EXERCISE AIM: From the records below, extract only the lines running from the line with "Ber. Zen Garden 2401 Sárga 140x190cm szőnyeg" to the line with "Fourth view of", both lines included, reproducing them exactly.

GIVEN DATA:

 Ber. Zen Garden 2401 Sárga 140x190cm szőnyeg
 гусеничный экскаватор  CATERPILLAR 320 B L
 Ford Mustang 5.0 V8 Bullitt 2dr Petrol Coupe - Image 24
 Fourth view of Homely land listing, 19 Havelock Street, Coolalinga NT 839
--
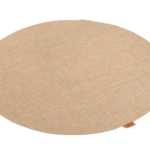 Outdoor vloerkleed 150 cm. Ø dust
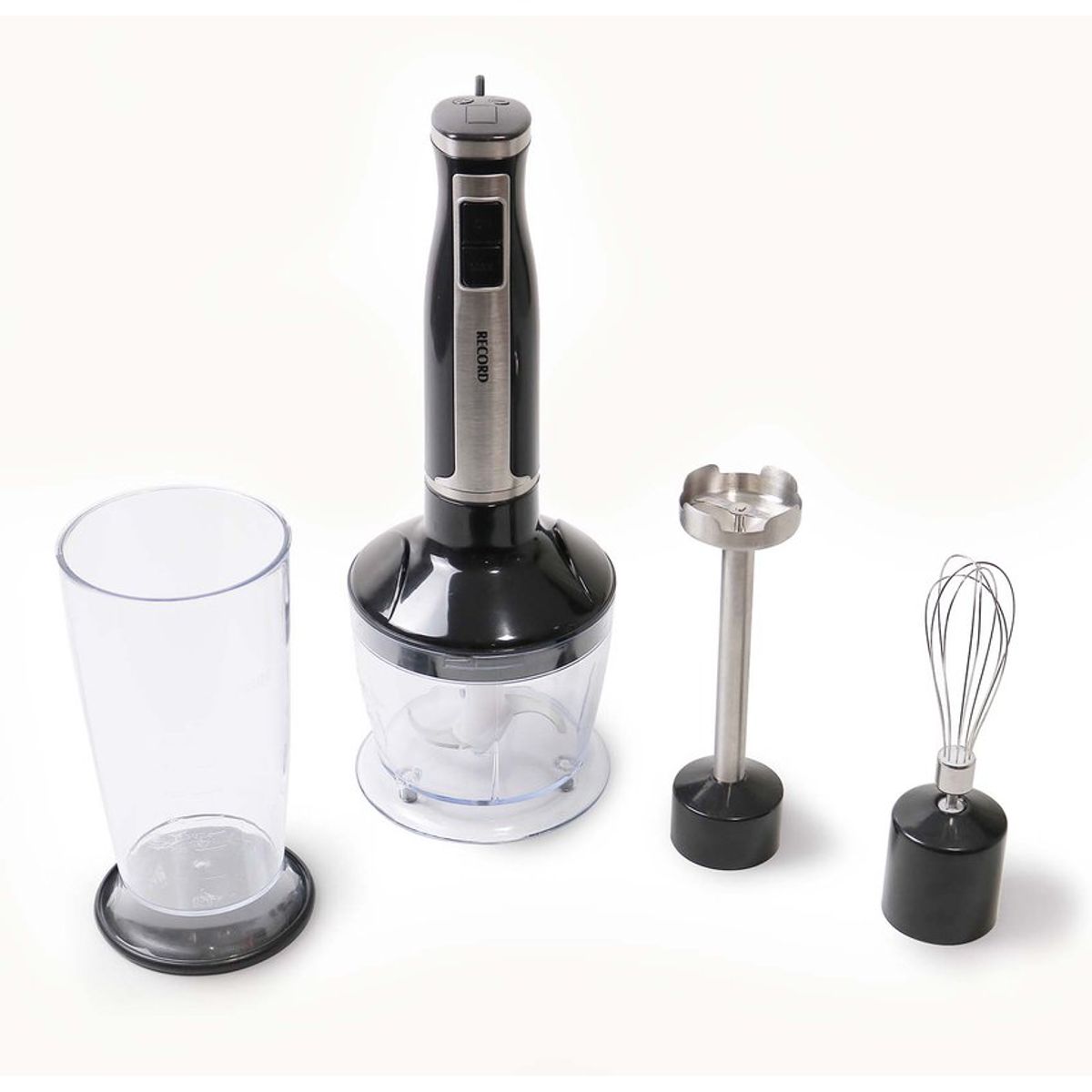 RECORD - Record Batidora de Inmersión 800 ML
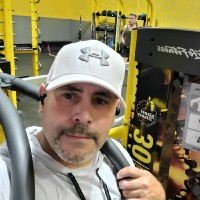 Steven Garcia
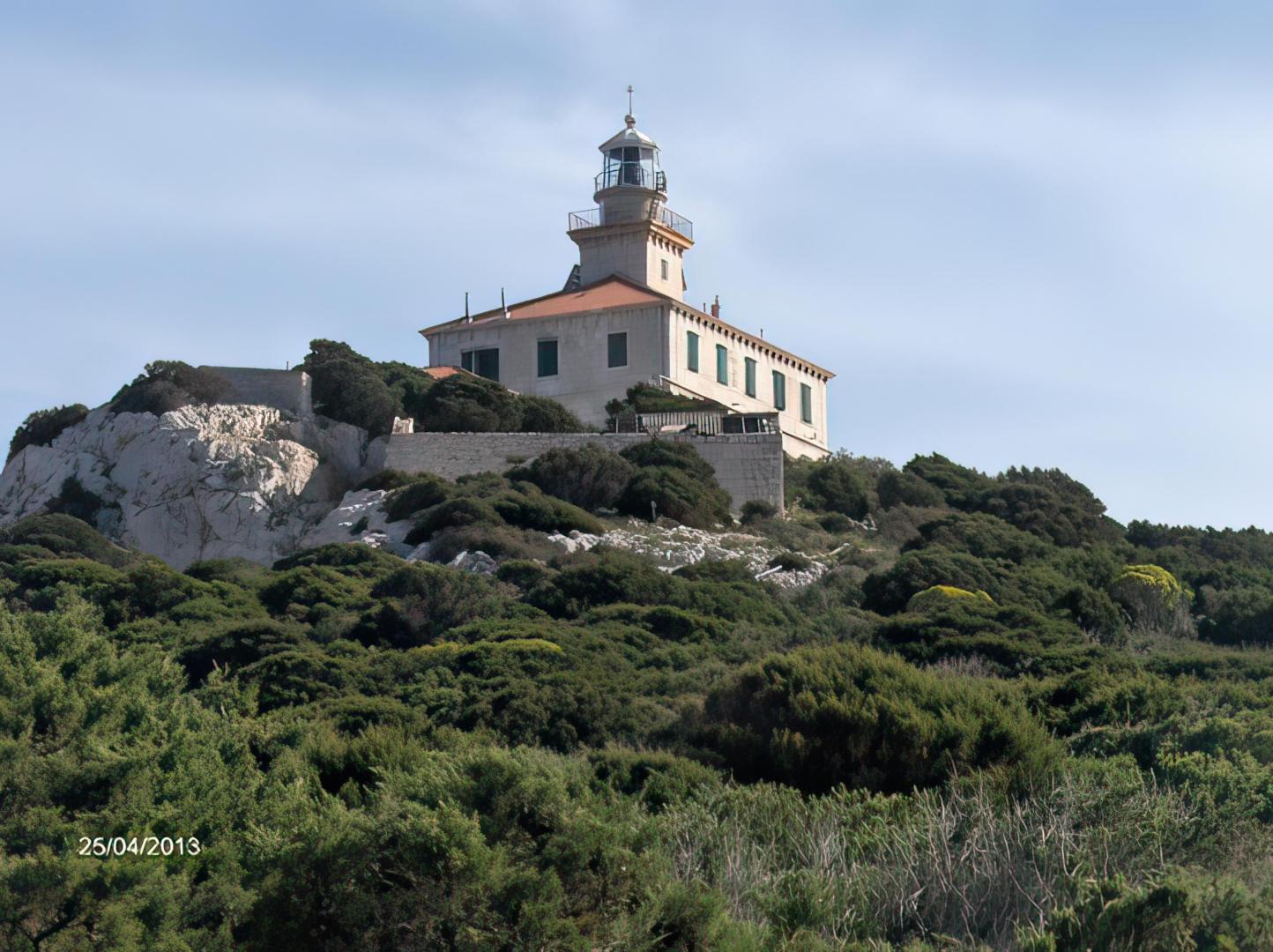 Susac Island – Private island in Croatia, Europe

FINAL ANSWER:
 Ber. Zen Garden 2401 Sárga 140x190cm szőnyeg
 гусеничный экскаватор  CATERPILLAR 320 B L
 Ford Mustang 5.0 V8 Bullitt 2dr Petrol Coupe - Image 24
 Fourth view of Homely land listing, 19 Havelock Street, Coolalinga NT 839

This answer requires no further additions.